Fransa’daki “Sarı Yelekliler isyanı”nın bütün dünyadan ilgiyle takip edildiğini düşünmek yadırgatıcı değil. Her ülke bir yönüyle olayı kendisi ile ilgili bulabilir.
Dünya geçtiğimiz yıllarda “Arap Baharı” sürecini yaşadı.
Sovyet nüfuzu altındaki ülkelerde “Turuncu” vs. diye renkli devrimlere tanıklık etti.
İtalya’da, Fransa varoşlarında “kapitalizm karşıtı” büyük kitlesel gösteriler gördü.
Amerika’da ırkçılık karşıtı büyük tahripkâr gösteriler oldu.
Türkiye’de de gezi olayları yaşandı.
Her yeni olay, farklı ülkelerde kendinde yaşanan benzer nitelikleriyle hatırlanıyor ve “Acaba nereye gider?” sorusuna cevap aranıyor.
Fransa’daki olayın bizdeki Gezi ile birlikte konuşulması tabii.
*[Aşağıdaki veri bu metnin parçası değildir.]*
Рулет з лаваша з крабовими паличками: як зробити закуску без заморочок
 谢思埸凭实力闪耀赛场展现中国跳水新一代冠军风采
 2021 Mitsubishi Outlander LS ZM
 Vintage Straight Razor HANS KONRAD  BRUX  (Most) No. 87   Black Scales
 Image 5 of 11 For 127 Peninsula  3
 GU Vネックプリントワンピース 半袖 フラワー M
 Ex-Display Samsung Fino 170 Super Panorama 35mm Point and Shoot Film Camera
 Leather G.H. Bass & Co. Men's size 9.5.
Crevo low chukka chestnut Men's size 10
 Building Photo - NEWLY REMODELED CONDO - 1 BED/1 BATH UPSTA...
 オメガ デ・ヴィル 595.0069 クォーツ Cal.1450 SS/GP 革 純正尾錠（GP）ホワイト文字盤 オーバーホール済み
Gezi bizde tam bir siyasal gerilim konusu haline geldi. “Taksim’deki ağaçları korumak”la başlayıp “Siz hâlâ olayı ağaç meselesi mi zannediyorsunuz? Hâlâ anlamadınız mı?” ya evrilmesi, yani “Hükümeti yıkma” girişimi gibi görülmesi, ardında uluslararası odakların bulunduğu yaklaşımı, bugün dahi bu alandaki hesaplaşmayı yargı ve siyasi kürsüler planında sürdürüyor.